Es tu zona. Claro, la cual extraño mucho. La marcha comenzó a las diez de la mañana y yo fui detenida a las 18 y 45. Estábamos caminando, algunas estaban en un restaurante, tratábamos de juntarnos, queríamos ver qué había pasado, los destrozos. Nos quedamos como turistas, viendo lo que había pasado. En ningún momento fuimos a destruir, ni entramos a la Legislatura. No hicimos coacción de ninguna puerta. Solamente gritos. Si fuimos a una manifestación es obvio que gritemos, pero nada más. No hicimos ningún daño al gobierno ni a nadie.

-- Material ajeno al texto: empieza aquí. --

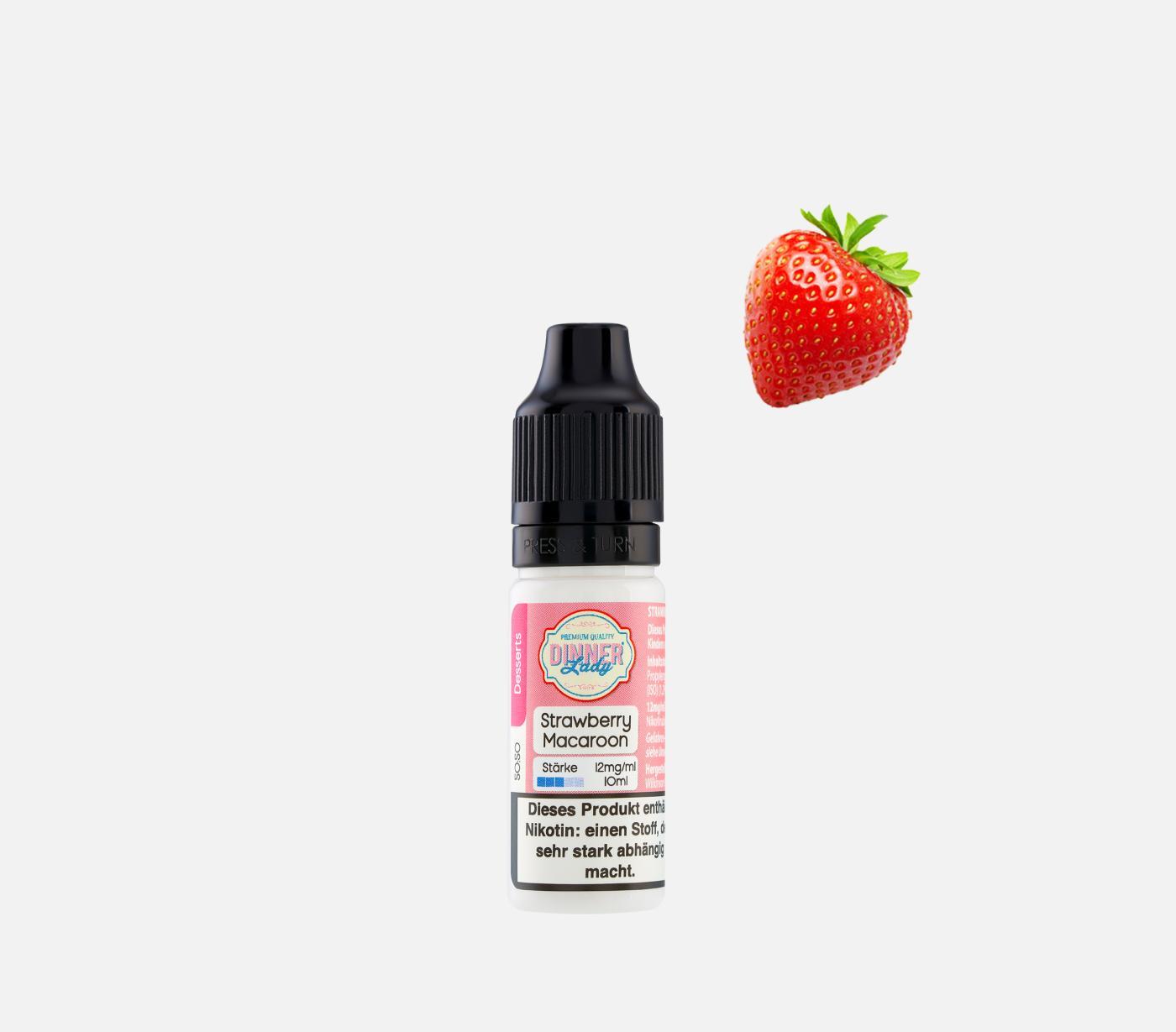 Dinner Lady 50:50 E-Liquid – Strawberry Macaroon kaufen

¿Cómo te detuvieron? Cuando nos decidíamos a irnos, aunque no tengo muy ubicado el lugar. Teníamos que ir hasta Moreno y Balcarce porque ahí estaba el micro, bajamos por una calle paralela a la Legislatura, hicimos una, dos, tres cuadras... Y ahí fuimos detenidas.
¿Por policías de uniforme? Policías sin uniforme. Yo iba caminado con mi compañera, entramos a comprar un paquete de cigarros y un paquete de pastillas a un kiosko. Ya mis compañeras daban vueltas hacia el micro y de repente alguien me agarró de atrás. Lo primero que pensé: “me roban”. Pero yo lo único que tenía era un celular en la mano y mi compañera una cartera. Al ser agarrada de atrás hice un movimiento lógico que me volteó y cuando me di vuelta me dijeron: “callate la boca, quietita y al suelo”. Eran tres hombres y una mujer los que me detuvieron. Me tomaron de atrás muy fuertemente. Uno me dijo: “al suelo”. Le dije: “está bien, somos simplemente prostitutas, no tomen represalias”.
¿Te diste cuenta enseguida que eran policías? Al momento que me dijeron: “al suelo y calladita la boca”... Esas palabras las conozco desde la cuna. Lo único que recuerdo de ese momento es un edificio lleno de pilares. Ahí nos sentaron y ahí nos quedamos. Cinco minutos después nos llevaron dentro de un carro azul. Preguntamos dos veces para qué nos llevaban: “por averiguación de antecedentes”. Pasaron varias horas hasta que me enteré que estábamos en el Complejo Federal, en el barrio de Lugano.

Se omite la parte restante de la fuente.